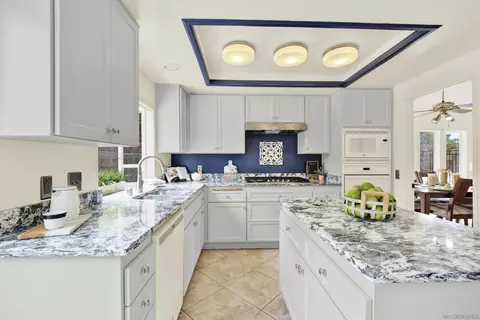 Kitchen - 13515 Quiet Hills Dr, Poway, CA 92064 photo 7 of 8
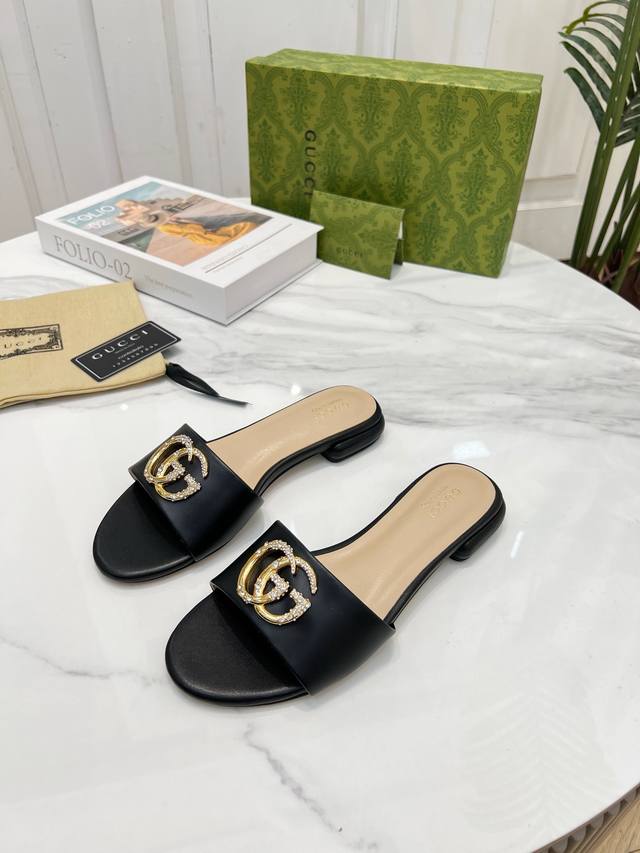 出厂 2025 SSS新款报到 Gucci～古*奇 原单品质 原汁原味的欧式风格 上脚非常完美穿搭上配此鞋，优雅大方，晶莹剔透，无论种各配件材质，都是家独一比一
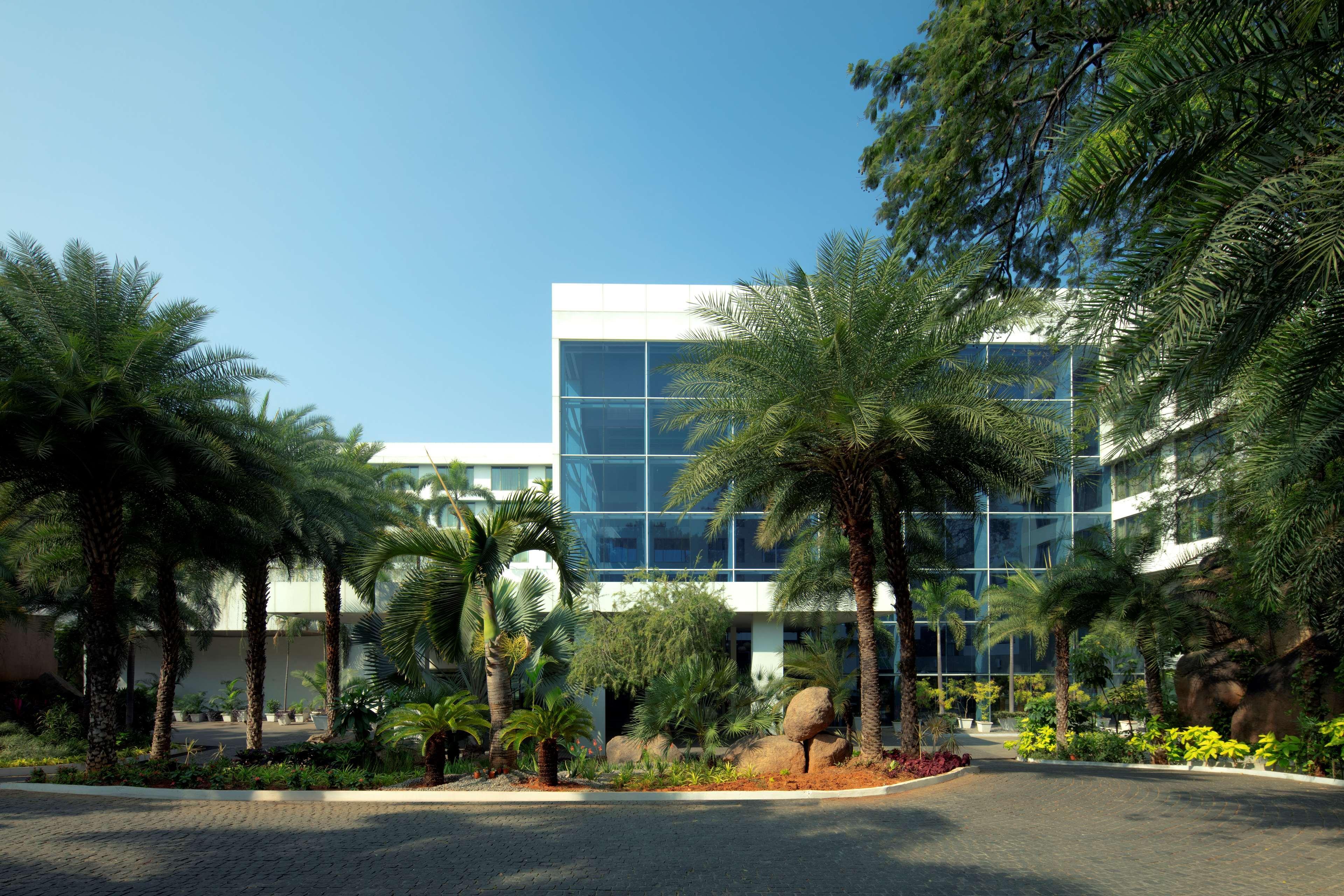 Radisson Blu Plaza Hotel Hyderabad Banjara Hills Eksteriør billede The Infosys campus in Mysore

_ _ _ _ _ _ _

Task details: The range to set down runs from the line containing "出厂 2025 SSS新款报到" through the final line of the data, both ends included; give it exactly and drop the pictures.

Your response:
 出厂 2025 SSS新款报到 Gucci～古*奇 原单品质 原汁原味的欧式风格 上脚非常完美穿搭上配此鞋，优雅大方，晶莹剔透，无论种各配件材质，都是家独一比一
 Radisson Blu Plaza Hotel Hyderabad Banjara Hills Eksteriør billede The Infosys campus in Mysore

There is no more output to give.